DeLawrence King v. Donald Morgan
807 F.3d 154
| 6th Cir. | 2015Background
- DeLawrence King was convicted in Ohio state court of two counts of murder and one count of felonious assault in 2004; sentence aggregated to 21 years to life. Direct appeal denied.
- King filed a 2006 federal habeas petition that was denied; certificate of appealability was denied.
- In 2009 the state trial court resentenced King to correct a sentencing defect (post-release control), entering a new judgment that increased his term to 33 years to life by imposing consecutive murder sentences.
- After state remedies failed, King filed a second federal habeas petition raising seven claims: two related to the new sentence and five attacking his original convictions.
- The district court dismissed the five conviction-related claims as "second or successive" under AEDPA § 2244(b); the Sixth Circuit granted COA limited to whether those conviction claims are second or successive.
- The Sixth Circuit reversed, holding that the entry of a new judgment after resentencing resets the AEDPA "second or successive" rule and permits a first federal challenge to that new judgment to attack both the new sentence and the undisturbed conviction without preauthorization.
Issues
| Issue | King (Plaintiff) Argument | State (Defendant) Argument | Held |
|---|---|---|---|
| Whether a federal habeas application that is the first to challenge a new state-court judgment after resentencing may attack the underlying, unchanged conviction without being treated as "second or successive" under AEDPA | Magwood’s judgment-based rule resets the count; the first petition challenging the new judgment may raise claims attacking the conviction because the new judgment intervenes | AEDPA’s purpose to limit successive petitions and pre-AEDPA abuse-of-the-writ precedent mean conviction-related claims that could have been raised earlier should be treated as second or successive | Court held: A new judgment after resentencing resets the "second or successive" bar; the first federal petition challenging that new judgment may raise conviction-related claims without preauthorization under § 2244(b) |
Key Cases Cited
- Magwood v.
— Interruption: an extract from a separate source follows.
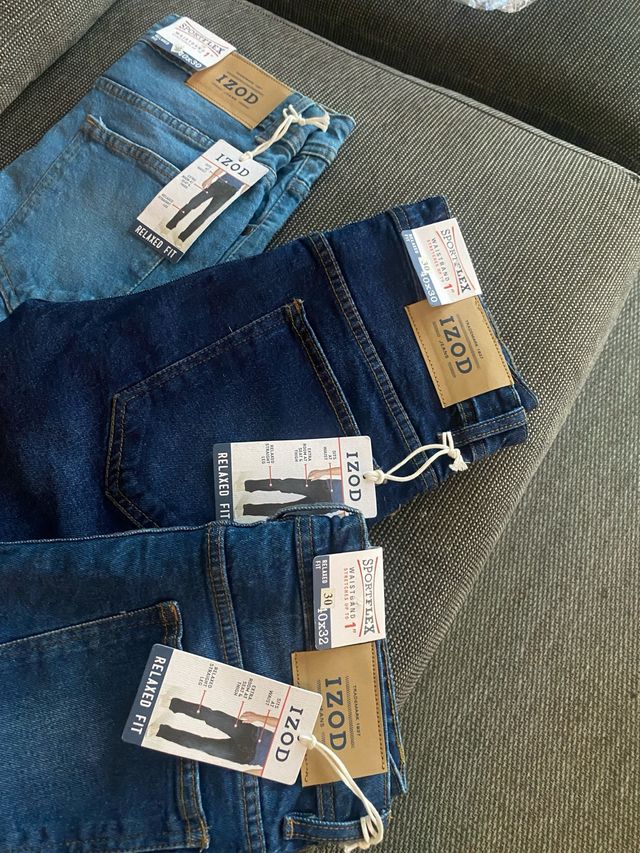 lot 3 Pantalones vaqueros IZOD Relaxed Fit
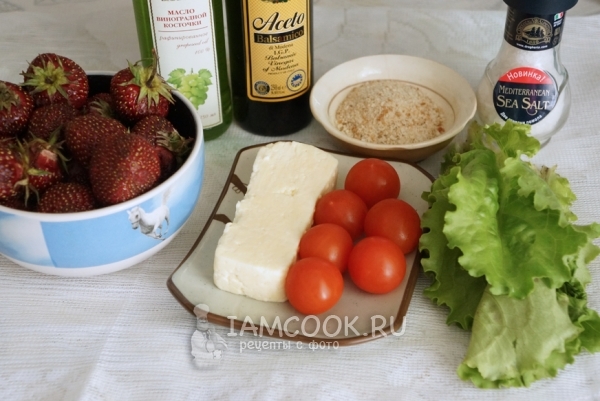 Ингредиенты для салата с клубникой и сыром халуми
Patterson, 561 U.S. 320 (2010) (new judgment after resentencing means the first petition challenging that judgment is not "second or successive")
- Deal v. United States, 508 U.S. 129 (1993) (a criminal "judgment" includes both conviction and sentence)
- Apprendi v. New Jersey, 530 U.S. 466 (2000) (facts increasing punishment must be found by jury)
- Brady v. Maryland, 373 U.S. 83 (1963) (prosecution suppression of exculpatory evidence violates due process)
- Felker v. Turpin, 518 U.S. 651 (1996) (AEDPA limits availability of successive petitions)
- McCleskey v. Zant, 499 U.S. 467 (1991) (abuse-of-the-writ doctrine and limits on successive habeas petitions)
- Lang v. United States, 474 F.3d 348 (6th Cir. 2007) (claims originating at resentencing are not second or successive)
- Rashad v. Lafler, 675 F.3d 564 (6th Cir. 2012) (new judgment can reset AEDPA statute of limitations)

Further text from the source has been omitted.